Release on undertaking with conditions, etc.
(2) Where the justice does not make an order under subsection (1), he shall, unless the prosecutor shows cause why the detention of the accused is justified, order that the accused be released
- (a) on his giving an undertaking with such conditions as the justice directs;
- (b) on his entering into a recognizance before the justice, without sureties, in such amount and with such conditions, if any, as the justice directs but without deposit of money or other valuable security;
- (c) on his entering into a recognizance before the justice with sureties in such amount and with such conditions, if any, as the justice directs but without deposit of money or other valuable security;
- (d) with the consent of the prosecutor, on his entering into a recognizance before the justice, without sureties, in such amount and with such conditions, if any, as the justice directs and on his depositing with the justice such sum of money or other valuable security as the justice directs; or
if the accused is not ordinarily resident in the province in which the accused is in custody or does not ordinarily reside within two hundred kilometres of the place in which he is in custody*, on his entering into a recognizance before the justice with or without sureties in such amount and with such conditions, if any, as the justice directs, and on his depositing with the justice such sum of money or other valuable security as the justice directs.

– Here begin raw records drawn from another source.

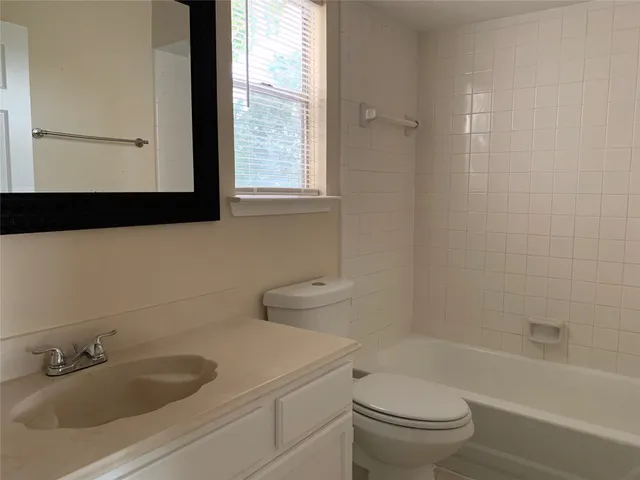 a bathroom with a sink a toilet and a bathtub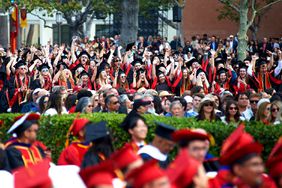 Graduates celebrate during the procession at University Of Southern California's 140th Commencement Ceremony at University of Southern California on May 12, 2023 in Los Angeles, California.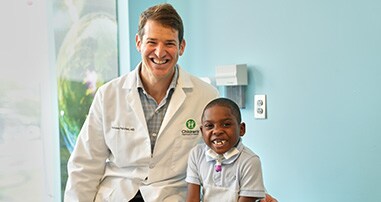 Pediatric orthopedic doctor smiling and posing with a patient boy sitting on check-up table at a spine appointment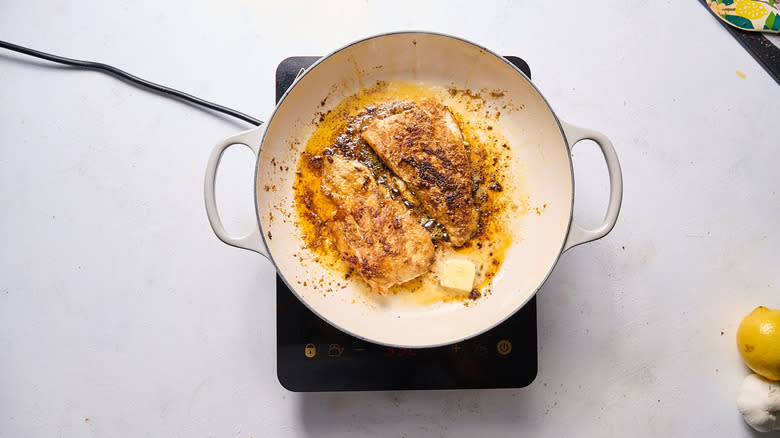 searing fish in skillet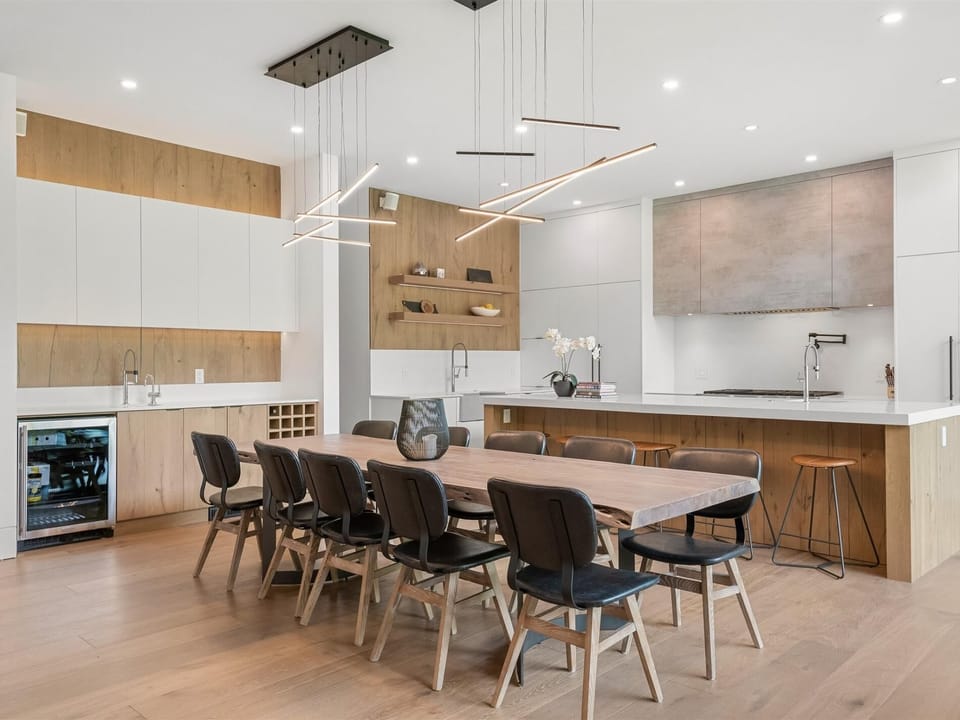 Dining for 12 plus a wet bar with wine fridge, hot water on demand, espresso and drip coffee machine
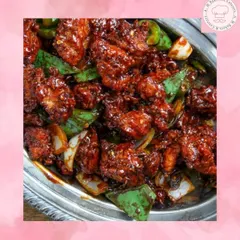 A close-up of our spicy and tangy Chilli Chicken, a must-have from our Indo-Chinese menu. Each piece is coated in a flavourful sauce with fresh capsicum and onions, making it a perfect starter for parties.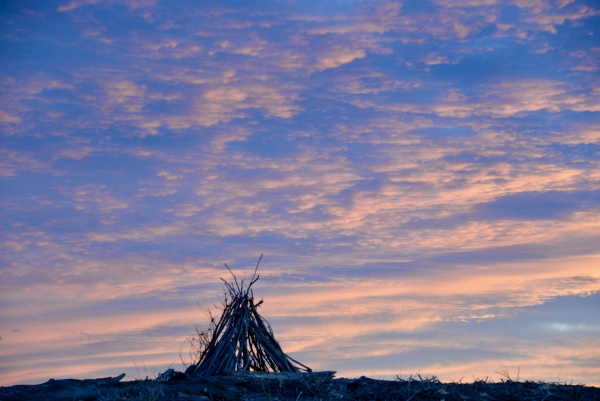 Silhouette of a driftwood teepee on a stoney beach with a colourful sunset.jpeg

R.S., 1985, c. C-46, s. 515; R.S., 1985, c. 27 (1st Supp.), ss. 83, 186; 1991, c. 40, s. 31; 1993, c. 45, s. 8; 1994, c. 44, s. 44; 1995, c. 39, s. 153; 1996, c. 19, ss. 71, 93.3; 1997, c. 18, s. 59, c. 23, s. 16; 1999, c. 5, s. 21, c. 25, s. 8(Preamble); 2001, c. 32, s. 37, c. 41, ss. 19, 133; 2008, c. 6, s. 37; 2009, c. 22, s. 17, c. 29, s. 2; 2010, c. 20, s. 1; 2012, c. 1, s. 32; 2014, c. 17, s. 14; 2015, c. 13, s. 20.[annotated] [* see "Constitution", below]
An accused can be released in the following circumstances:
- personal undertaking without conditions (515(1))
- personal undertaking with conditions (515(2)(a))
- recognizance with conditions and without surety or deposit (515(2)(b))
- recognizance with conditions and with surety without deposit(515(2)(c))
- recognizance with conditions without surety with deposit (515(2)(d))
- recognizance with conditions with surety and deposit (515(2)(e))
These options are listed in order of escalating risk.
Without Surety or Deposit (515(2)(a),(b))
With Surety (515(2)(c))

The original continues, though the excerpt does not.